══ RECORDS PROVIDED
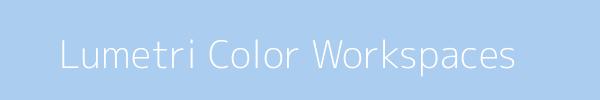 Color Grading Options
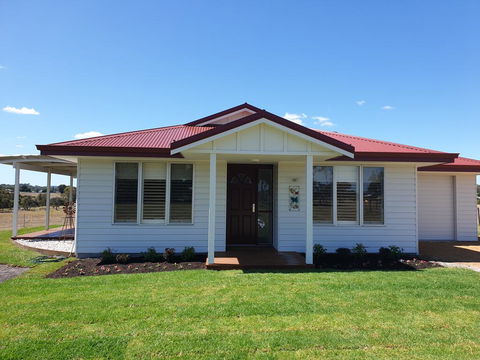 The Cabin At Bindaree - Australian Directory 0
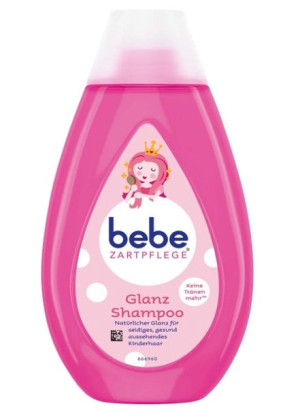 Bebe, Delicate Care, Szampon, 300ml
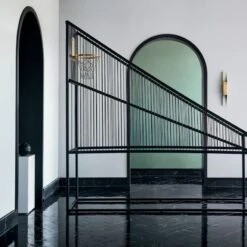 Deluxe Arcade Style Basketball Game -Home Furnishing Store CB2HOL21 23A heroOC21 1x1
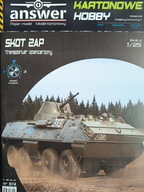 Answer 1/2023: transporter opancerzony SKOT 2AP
════
# ASSIGNED TASK
What is needed is an exact copy of every record above, minus the images.

# RESULT FOR THIS EXERCISE
 Color Grading Options
 The Cabin At Bindaree - Australian Directory 0
 Bebe, Delicate Care, Szampon, 300ml
 Deluxe Arcade Style Basketball Game -Home Furnishing Store CB2HOL21 23A heroOC21 1x1
 Answer 1/2023: transporter opancerzony SKOT 2AP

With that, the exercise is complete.